Jascha Heifetz was one of the greatest violinists of the twentieth century, some would say THE greatest. He was a unique stylist; he had a unique tone, instantly identifiable. He had his detractors who said he sounded “cold” and on occasion heard his tone to be raw and off-pitch. His way to play was not the only way to play, witness some other great violinists of the twentieth century: Oistrakh, Perlman, Menuhin, Auclair, Kogan, Martzy —who sound quite different, as does Steven Moeckel. Like Menuhin, Heifetz played his best before the advent of high fidelity; although his surviving modern recordings are magnificent, they are somewhat below the summit of what we would have heard live in the thirties*.

Some people will listen only to Heifetz. The 1951 Heifetz recording of the Saint-Saëns is a unique, magnificent accomplishment. One can love that recording as I do and still find a great deal to enjoy in hearing the work played by Moeckel and Fan.

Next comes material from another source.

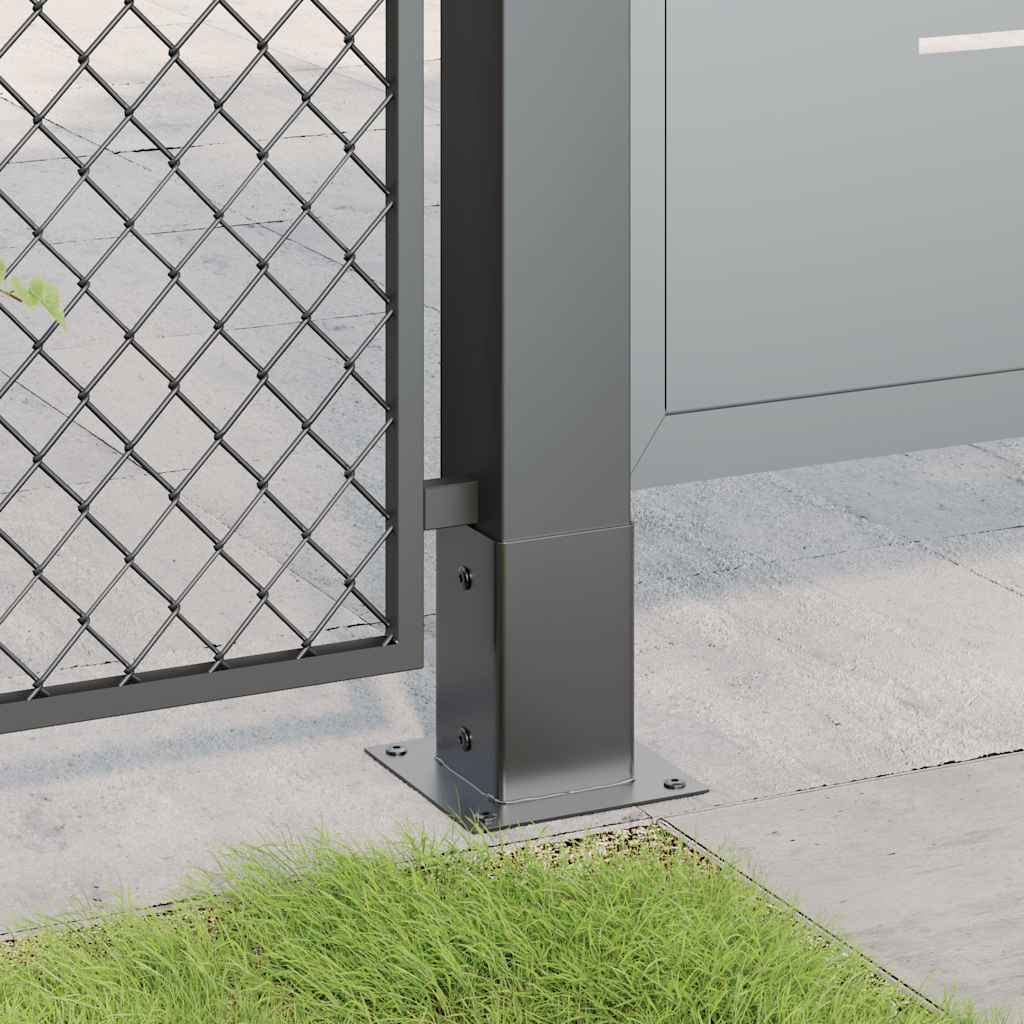 Bases de coluna quadradas 4 peças 91x91 mm aço revestido a pó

Regarding the delightful, rarely performed Sibelius Humoresques, the definitive classic recording is the one conducted in 1954 by the composer’s son-in-law, Jussi Jalas, with the solo part played by Anja Ignatius. The bad news is that it’s only been available on LP, and out of print for a generation. Moeckel’s performances are entirely comparable, this piano version, again, offering a closer perspective on the violin and a more immediate response from the accompaniment than from the orchestral version.

In La Capricieuse Perlman plays a more dramatic, theatrical performance, Moeckel more intimate and lower key.

Gil Shaham has honed his technique to razor sharpness and staked his claim to the works of Sarasate in this time. Moeckel plays with no less agility, a little more sweetness and a more intense sinuous quality. I think my favorite violinist overall is Yulian Sitkovetsky, previously only to be heard on old Melodiya LPs. Recently Artek has released an “Art of Yulian Sitkovetsky” series on CD; I have not heard these transfers. Sitkovetsky did not record any of the pieces on this disk, but my impression is that he could blow Shaham and Bell completely out of the water on Wieniawski, Sarasate and Kreisler. It might be a little closer call with Moeckel. Sitkovetsky offers a little Eastern darkness in tone and style to contrast with the brightness of the younger Western talents.

The obligatory jazz/folk/blues/popular encore selection has been a fixture of, at least, American violin recitals for at least a century, going back via Heifetz to Maud Powell and probably before. Again it is a pleasure to hear it played forth lyrically, authentically and respectfully, without gimmicks or hype.